## Exercise aim:
Search the data for the string "Black" and copy each line in which it appears.

(Excerpted records Opens)

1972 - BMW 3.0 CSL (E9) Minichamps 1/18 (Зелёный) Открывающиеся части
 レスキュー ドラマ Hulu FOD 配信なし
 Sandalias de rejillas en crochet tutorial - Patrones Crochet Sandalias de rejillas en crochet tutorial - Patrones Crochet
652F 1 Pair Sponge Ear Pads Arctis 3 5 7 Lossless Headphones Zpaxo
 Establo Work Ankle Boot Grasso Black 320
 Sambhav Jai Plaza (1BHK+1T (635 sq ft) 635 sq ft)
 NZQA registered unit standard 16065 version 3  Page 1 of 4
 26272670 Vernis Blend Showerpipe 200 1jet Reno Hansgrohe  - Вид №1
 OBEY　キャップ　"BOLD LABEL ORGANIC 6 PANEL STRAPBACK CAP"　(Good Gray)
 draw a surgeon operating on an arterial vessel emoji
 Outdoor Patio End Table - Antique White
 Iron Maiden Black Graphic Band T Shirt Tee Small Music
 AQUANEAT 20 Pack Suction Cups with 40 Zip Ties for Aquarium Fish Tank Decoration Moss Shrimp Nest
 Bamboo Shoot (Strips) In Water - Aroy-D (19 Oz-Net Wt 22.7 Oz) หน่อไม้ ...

(Excerpted records Closes)

## Answer to this task:
 Establo Work Ankle Boot Grasso Black 320
 Iron Maiden Black Graphic Band T Shirt Tee Small Music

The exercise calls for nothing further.